La miniaturisation des dispositifs CMOS se heurte aujourd'hui à des courants de fuite de plus en plus pénalisants et à d'autres limitations fondamentales. Parmi les voies explorées pour dépasser les limitations de la technologie CMOS en logique complexe, la magnonique apparaît prometteuse : les ondes de spin peuvent avoir des longueurs d'onde très courtes, ce qui permet leur emploi dans des dispositifs nanométriques et leur modulation à très haute fréquence, potentiellement jusqu'au térahertz. Encore faut-il pouvoir les produire, les manipuler et les détecter dans des matériaux compatibles CMOS, à l'aide de techniques miniaturisables.

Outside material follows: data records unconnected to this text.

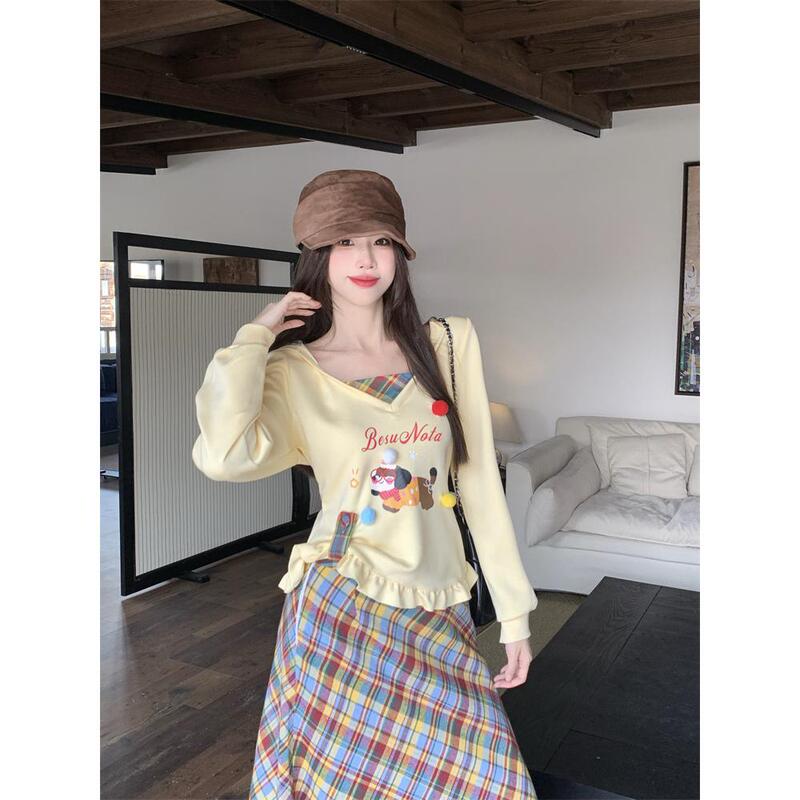 Korean Sweet Style Suit for Women, Plus Size, Autumn and Winter, Cute Cartoon, Age-Reducing Hooded Top + Plaid Skirt
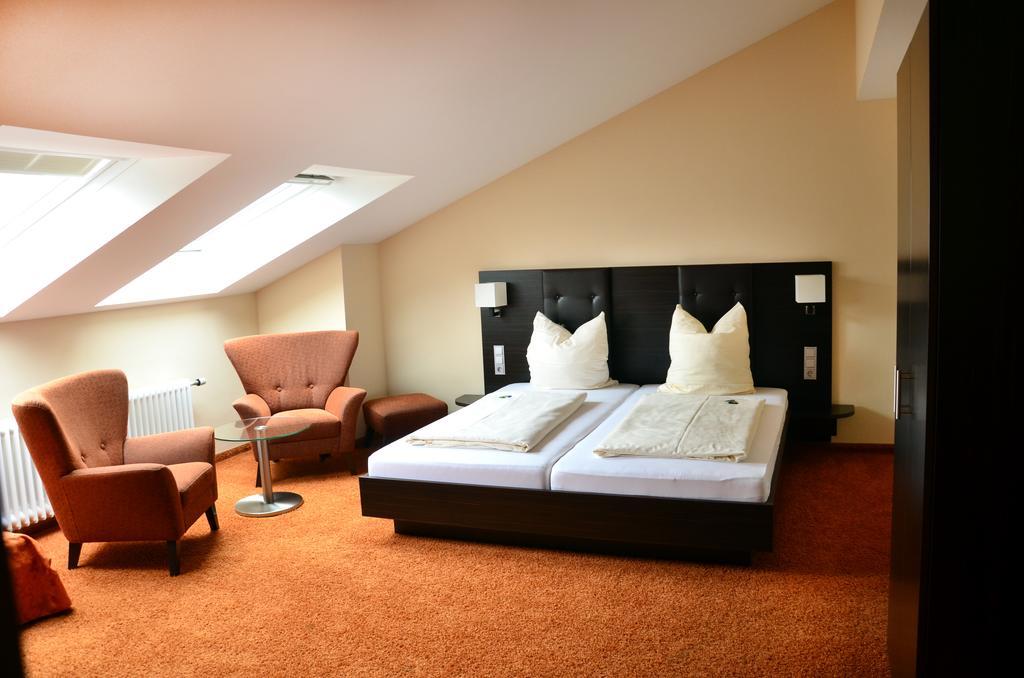 Stern Hotel Albershausen Bagian luar foto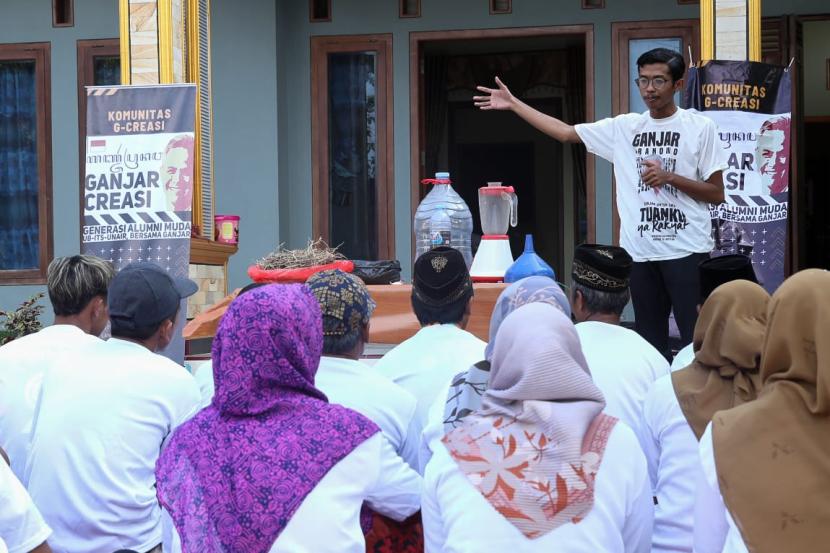 Pelatihan membuat pupuk hayati untuk membudidayakan cabai bagi sejumlah petani di Dusun Gedangan Kulon, Desa Gedangan, Kecamatan Gedangan, Kabupaten Malang, Jatim. 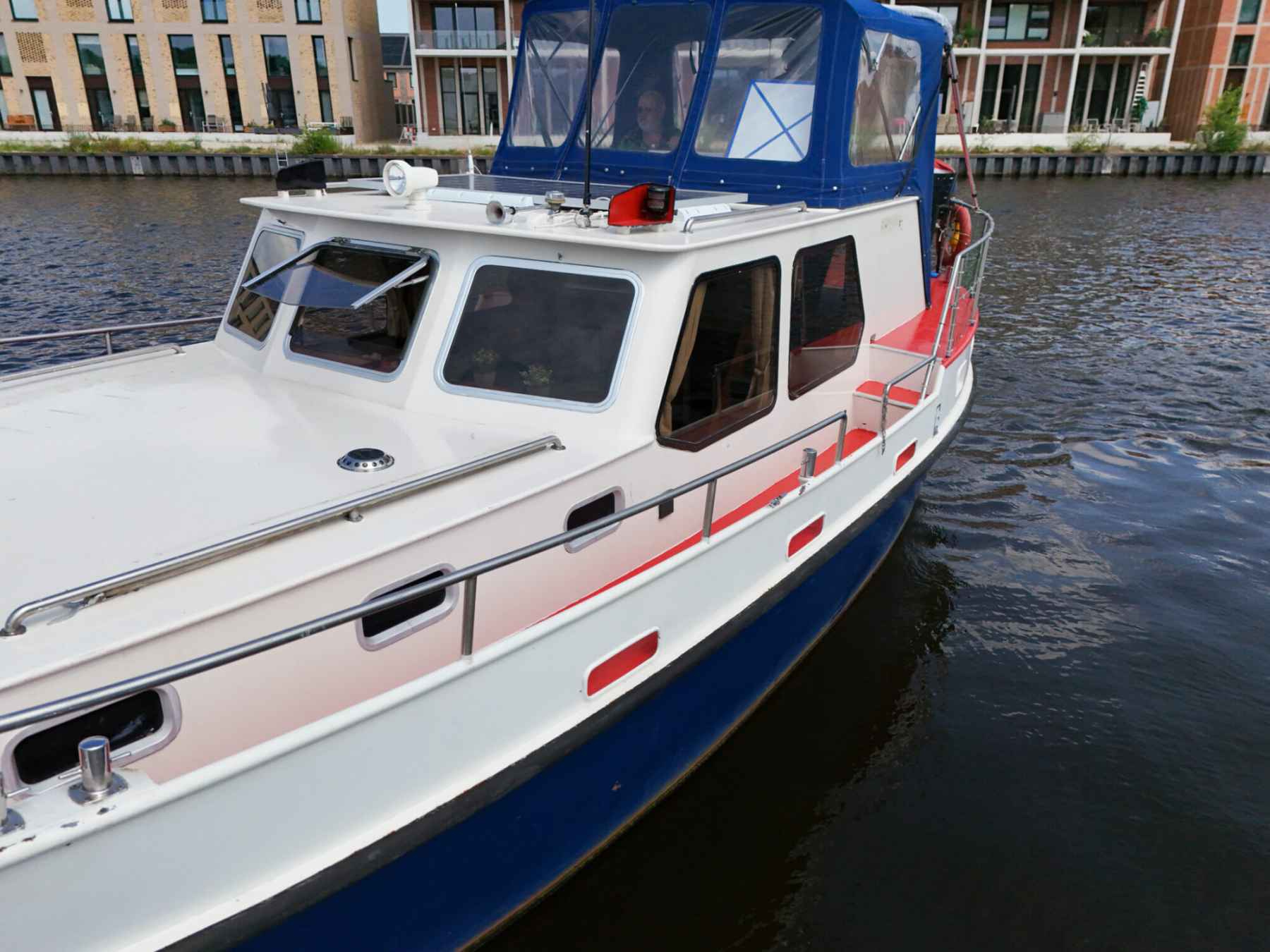 Motorboot Monty Bank Kotter 38 AK Cabrio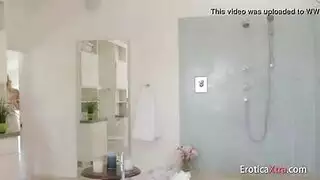 مثلية سحاقية ثلاثية شقراء: عاهرات يلعقن البظر ويدخلن أصابعهن بعمق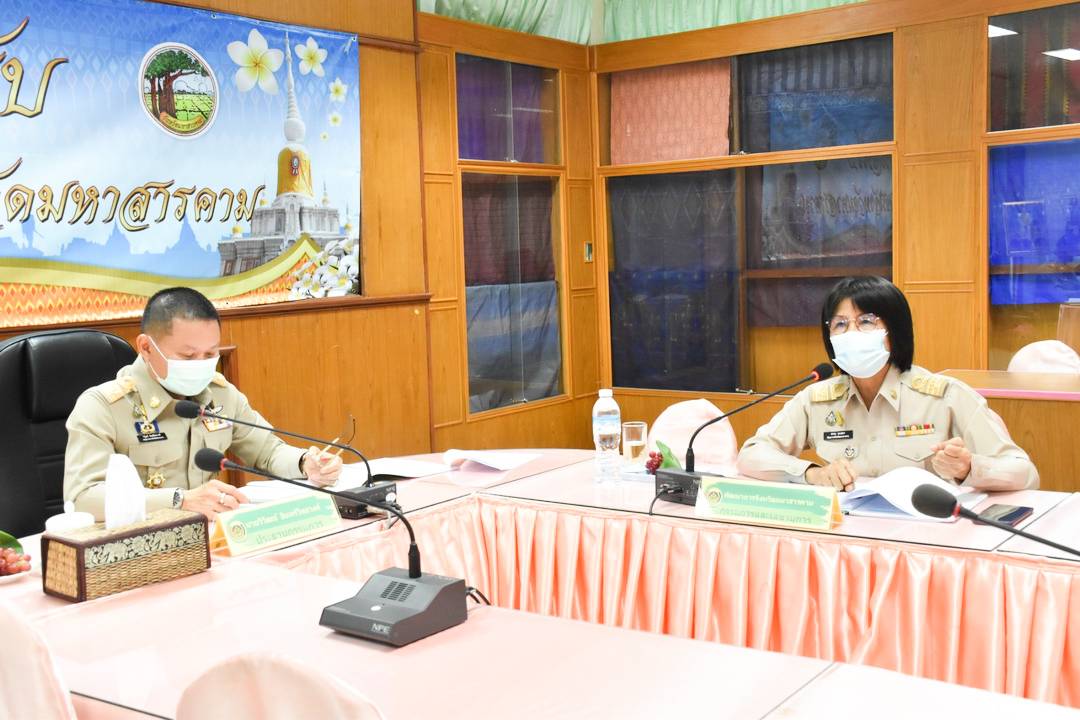 รองผู้ว่าฯ มหาสารคาม นั่งหัวโต๊ะ ประชุมพิจารณารับรองผู้สมัครเข้าระบบมาตรฐานการพัฒนาชุมชน (มชช.) มุ่งผลิตฟันเฟืองการพัฒนาที่มีความเข้มแข็งสู่ชุมชน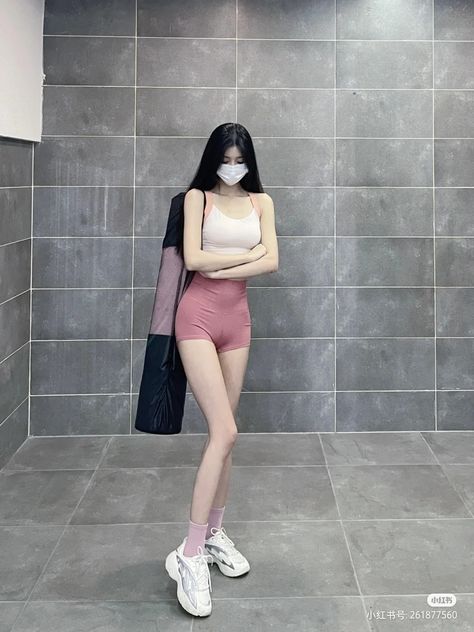 160 Cm Height Woman, Korean Fits, Gymwear Outfits, Casual College Outfits, Body Inspiration, Tall Girl, Tall Women, Girl Body, Mode Fashion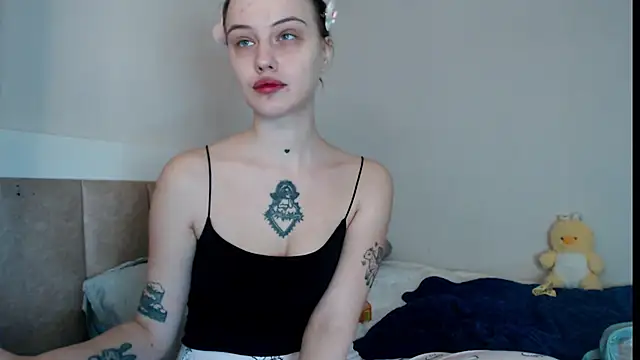 Pizda-Drozda online show from October 2025 08:08:01 PM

Dans cette perspective, une équipe de l'Inac a produit et transporté des ondes de spin dans un guide d'onde Ta/Co8Fe72B20/MgO, un empilement de couches présent dans les mémoires magnétiques STT-MRAM (Spin-transfer torque magnetic random-access memory). Leur vecteur d'onde est contrôlé grâce à un champ magnétique « excitateur », engendré par un conducteur perpendiculaire au guide d'onde et parcouru par un courant.
Leur détection utilise l'effet Hall de spin inverse qui convertit un courant de spin – un flux de moments de spin lié ou non à un flux d'électrons – en courant classique. Le dispositif a été testé avec succès jusqu'à des longueurs d'onde de spin aussi courtes que 150 nm sans que le résultat de la mesure ne dépende du vecteur d'onde. Des mesures spectroscopiques complémentaires montrent que l'excitation des ondes de spin est locale et que le dispositif détecte la dynamique d'ondes de spin localisées. De plus, grâce à un choix judicieux de l'épaisseur de Co8Fe72B20, la durée de vie des ondes de spin dans Ta/Co8Fe72B20/MgO est comparable à celle obtenue dans des matériaux « magnoniques » plus épais comme Ni81Fe19.